La langue, un élément clé pour l'appartenance européenne

L’Europe semble ne plus faire rêver les peuples. Il semble même y avoir un désamour entre les peuples et l’Europe. La montée des populismes et des nationalismes n’est pas étrangère à cette tendance. Elle explique que le nombre de personnes prêtes à quitter l’Union européenne augmente dans de nombreux pays. La crise du coronavirus n’a pas inversé cette tendance, les réponses à cette crise ayant été nationales et la solidarité beaucoup plus nationale que communautaire.

Que peut-on faire si on veut inverser cette tendance ?

Il faut aller vers une plus forte intégration européenne. Pour cela, un des moyens est d’essayer d’accroître la compréhension et le dialogue entre les peuples. Cette compréhension et ce dialogue peuvent se faire par la langue. L’absence d’une langue commune, même si l’anglais commence à jouer partiellement ce rôle, est un frein au marché unique mais aussi à la libre circulation des personnes et des idées.

Pourquoi les pays de l’Union européenne ne s’accorderaient-ils pas sur une deuxième langue commune apprise dans les écoles par tous les Européens dès leur plus jeune âge ? Il ne s’agirait pas d’essayer de recréer un volapük mais de choisir comme deuxième langue une des langues européennes.

Le choix de cette deuxième langue devrait impliquer les peuples et être effectué par un vote des peuples eux-mêmes au niveau de l’Union européenne.

Ce bilinguisme européen permettrait bien sûr de conserver la langue de chaque pays.

Impossible à réaliser, déjà réalisé, dangereux à réaliser, pas le moment de le réaliser diront les détracteurs de cette idée.

Le premier argument consiste à taxer d’utopie le développement d’une deuxième langue commune européenne en se référant implicitement à l’échec de l’espéranto. Les ambitions sont ici bien moindres. Il s’agit non pas de créer une nouvelle langue mais de prendre une des langues européennes existantes pour en faire la deuxième langue commune à tous.  

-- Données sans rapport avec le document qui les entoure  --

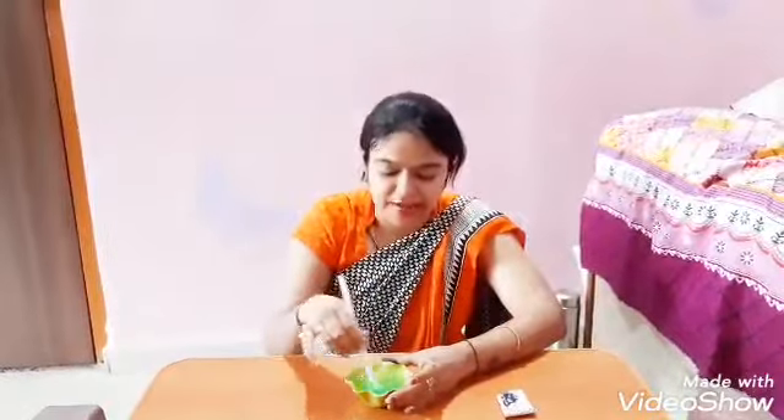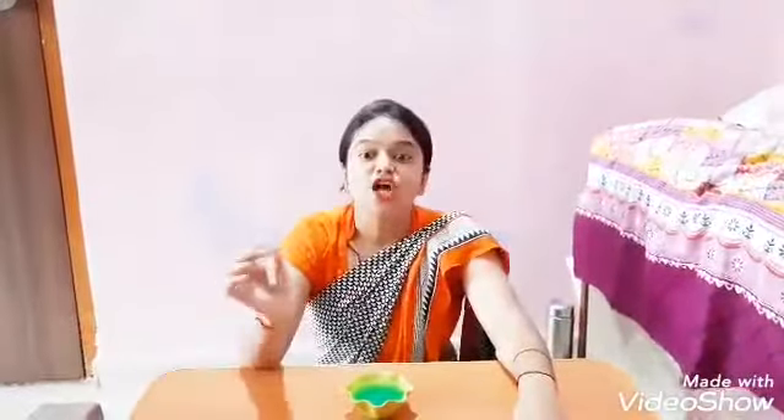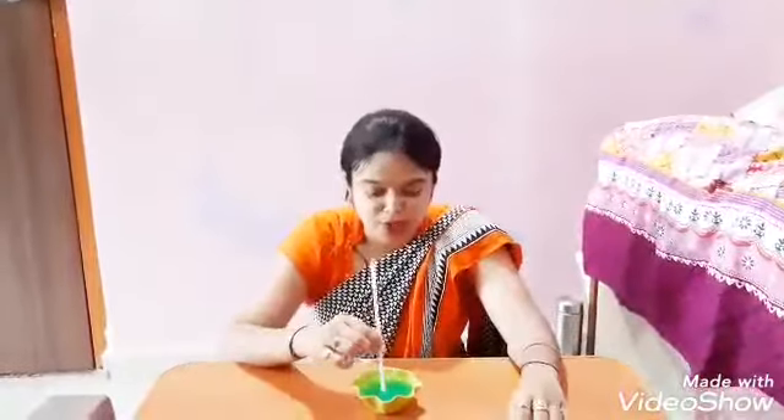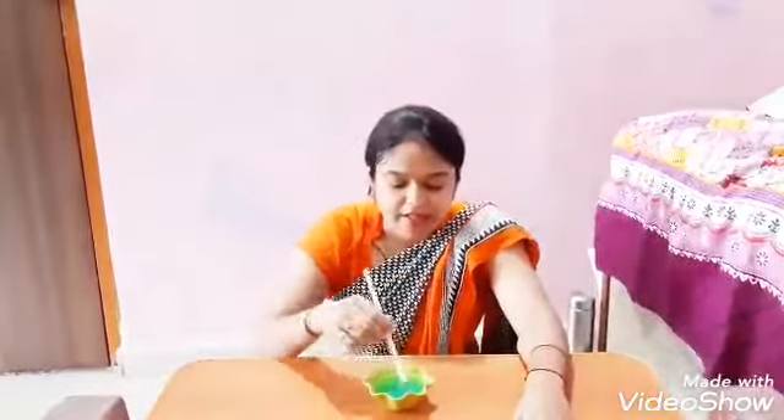Very nice. This is how we mix it properly. Soap solution is ready. Now using the straw, suck the soap solution into the straw and pop out the bubbles. Now I will show you like this.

Déjà réalisé pourrait-on dire, car l’anglais joue maintenant ce rôle. En fait, l’anglais joue ce rôle dans le monde des affaires, dans le monde scientifique, dans le monde diplomatique et, sous une forme très rudimentaire, dans le monde du tourisme. Mais, il n’y a pas de presse anglaise européenne. Il n’y a pas de chaîne de télévision anglaise européenne. Bien sûr, l’anglais reste une option possible, même s’il est paradoxal de choisir l’anglais pour l’Union européenne alors que les Anglais quittent celle-ci.

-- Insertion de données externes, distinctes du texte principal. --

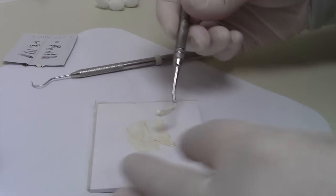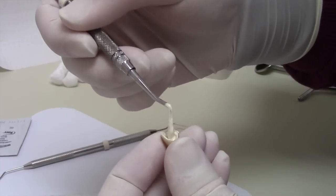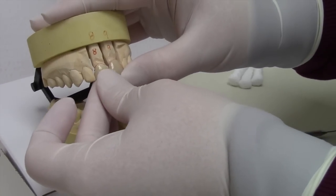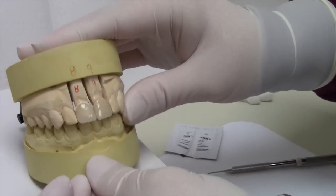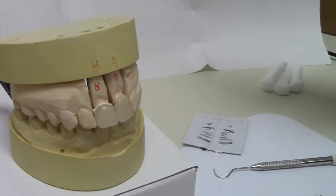Place cement into crown, not overflowing. Then place crown onto tooth. Firmly bring teeth together to assure an even bite. Wait one full minute for cement to fully harden.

Dangereux à réaliser diront certains détracteurs, car dans un vote européen, c’est la langue la plus parlée qui deviendra la deuxième langue européenne. Cela n’est nullement certain si le vote des peuples est à deux tours, le second tour permettant de choisir entre les deux langues arrivées en tête.

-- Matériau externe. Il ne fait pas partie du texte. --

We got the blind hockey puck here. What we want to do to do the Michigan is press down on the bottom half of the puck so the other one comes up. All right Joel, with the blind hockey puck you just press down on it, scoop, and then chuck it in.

Le dernier argument « pas le moment de le réaliser » est un argument très fort. En effet, actuellement la crise du coronavirus est une crise sanitaire et économique qui pose des problèmes à court terme et parler d’une ambition qui mettra plusieurs générations à se mettre en place risque d’être inaudible. Cependant, la crise est un moment privilégié pour réfléchir au futur, que ce soit à l’écologie ou à l’Europe. Bien des certitudes seront contestées. Essayer de retrouver à l’identique l’état antérieur à la crise du coronavirus laisserait passer l’occasion de réfléchir sur l’avenir non seulement à court terme mais aussi à long ou très long terme.